**Prompt**
The listing below must be returned in full and unchanged, without the images it carries.

[Available data — start]

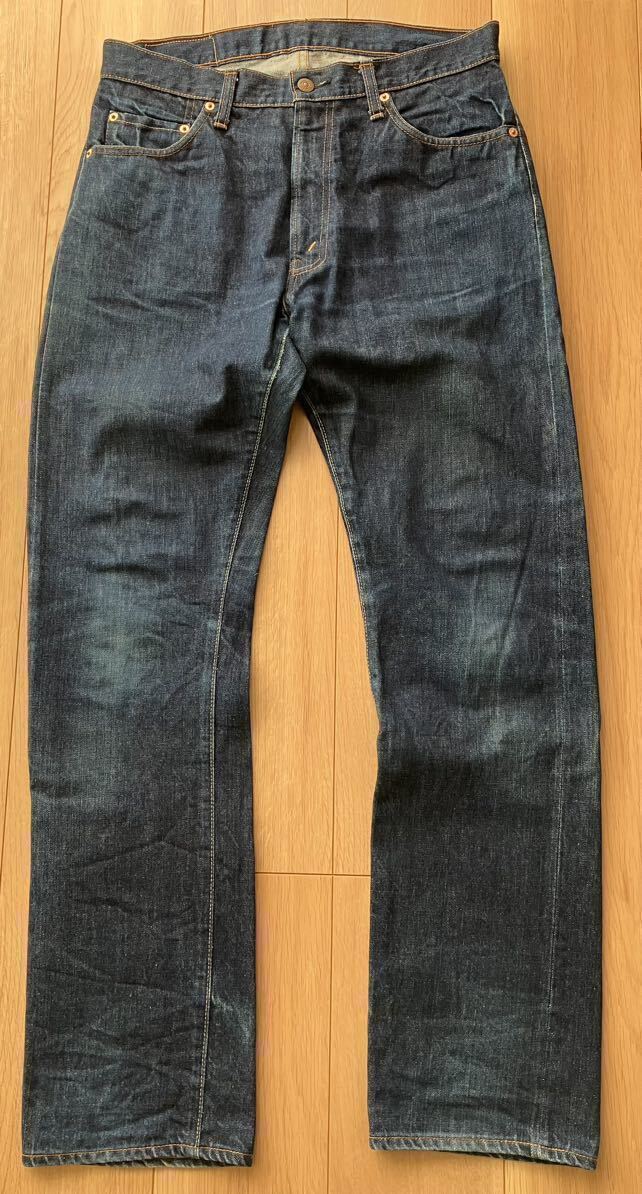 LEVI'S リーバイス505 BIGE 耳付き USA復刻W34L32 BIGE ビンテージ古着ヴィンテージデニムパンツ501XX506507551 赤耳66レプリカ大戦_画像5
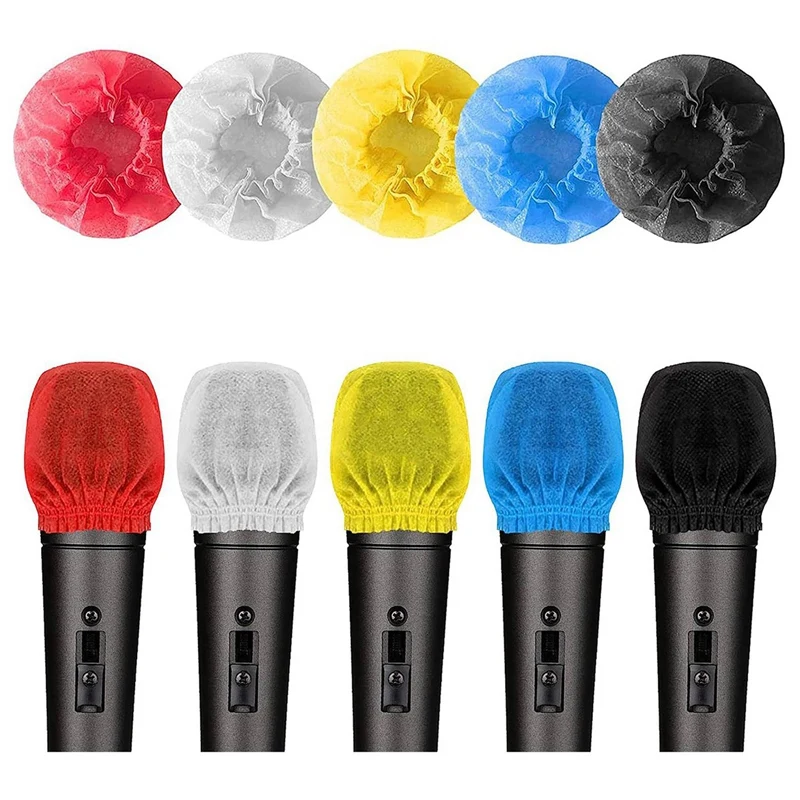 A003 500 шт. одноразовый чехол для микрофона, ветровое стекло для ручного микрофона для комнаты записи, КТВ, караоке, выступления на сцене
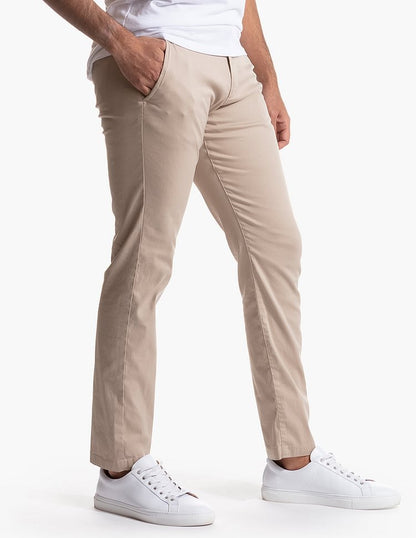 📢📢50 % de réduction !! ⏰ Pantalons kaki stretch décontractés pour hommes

[Available data — finish]

**Solution to the problem**
 LEVI'S リーバイス505 BIGE 耳付き USA復刻W34L32 BIGE ビンテージ古着ヴィンテージデニムパンツ501XX506507551 赤耳66レプリカ大戦_画像5
 A003 500 шт. одноразовый чехол для микрофона, ветровое стекло для ручного микрофона для комнаты записи, КТВ, караоке, выступления на сцене
 📢📢50 % de réduction !! ⏰ Pantalons kaki stretch décontractés pour hommes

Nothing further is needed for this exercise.